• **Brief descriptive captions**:
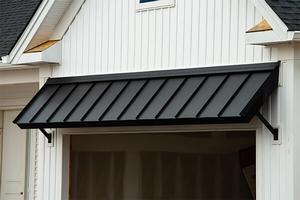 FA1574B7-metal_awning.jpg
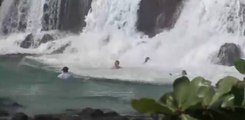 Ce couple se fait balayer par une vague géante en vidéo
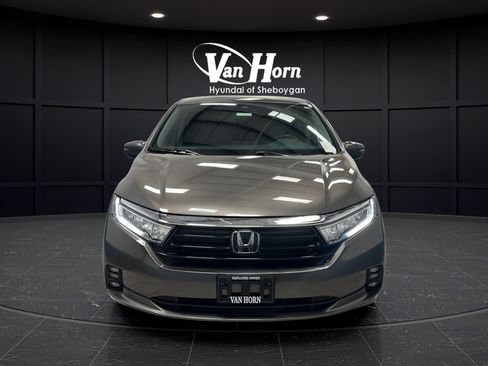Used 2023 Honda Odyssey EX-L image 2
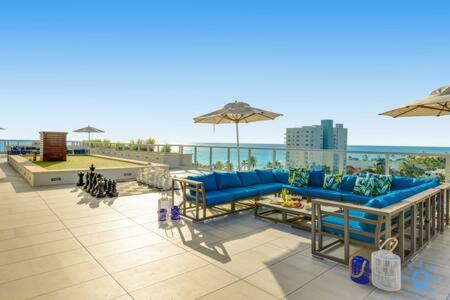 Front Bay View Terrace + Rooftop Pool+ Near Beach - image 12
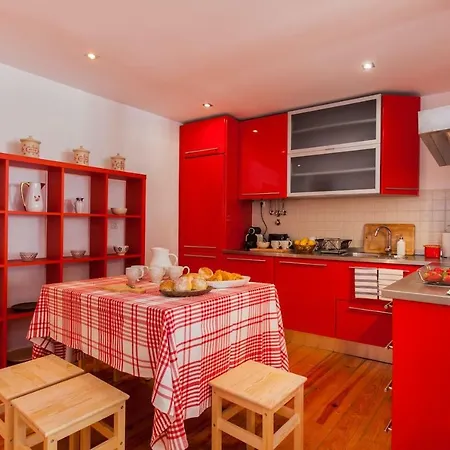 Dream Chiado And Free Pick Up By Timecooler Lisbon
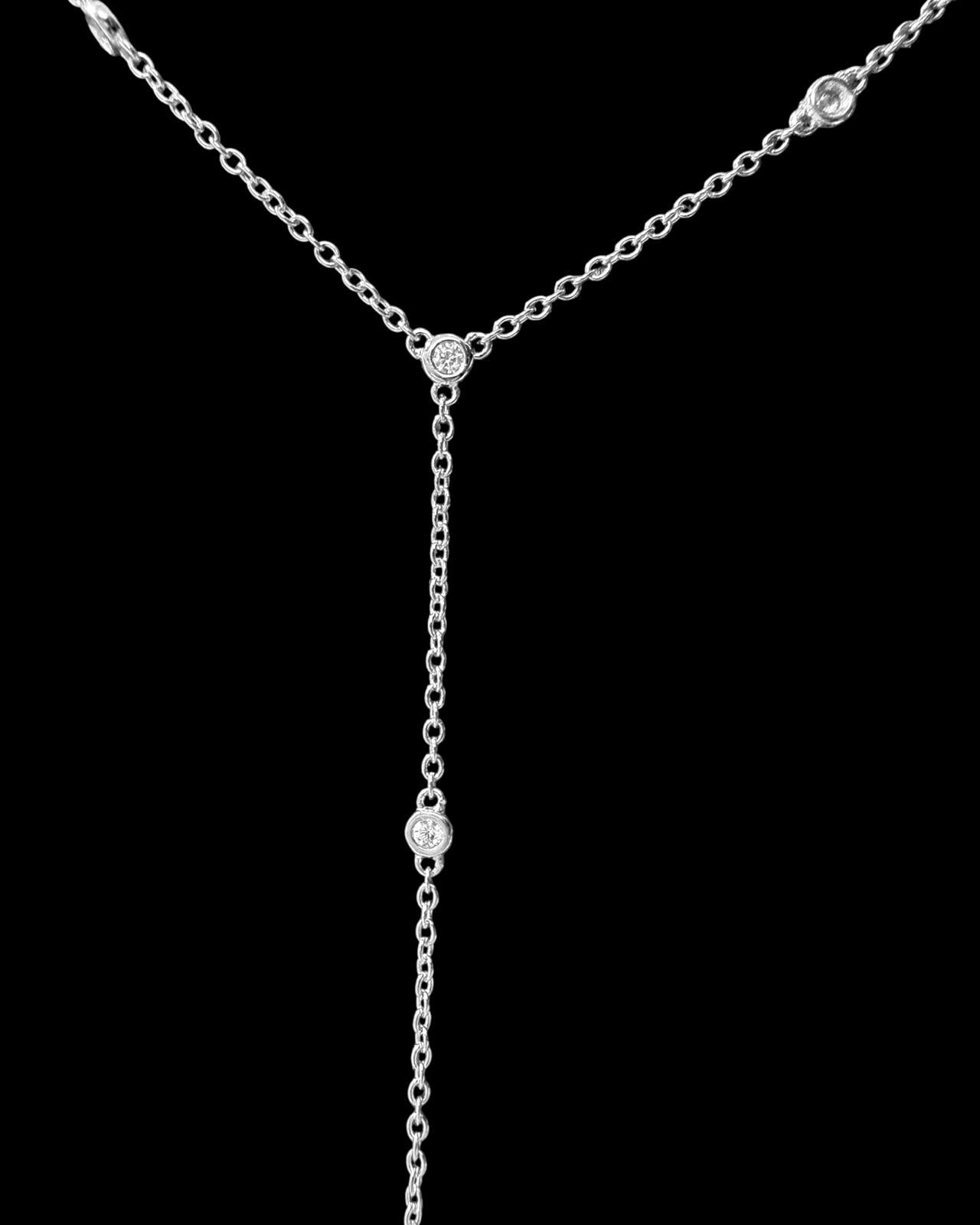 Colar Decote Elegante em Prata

• **Aim of the task**: Give the data again exactly, without pictures.

• **Answer section**:
 FA1574B7-metal_awning.jpg
 Ce couple se fait balayer par une vague géante en vidéo
Used 2023 Honda Odyssey EX-L image 2
 Front Bay View Terrace + Rooftop Pool+ Near Beach - image 12
 Dream Chiado And Free Pick Up By Timecooler Lisbon
 Colar Decote Elegante em Prata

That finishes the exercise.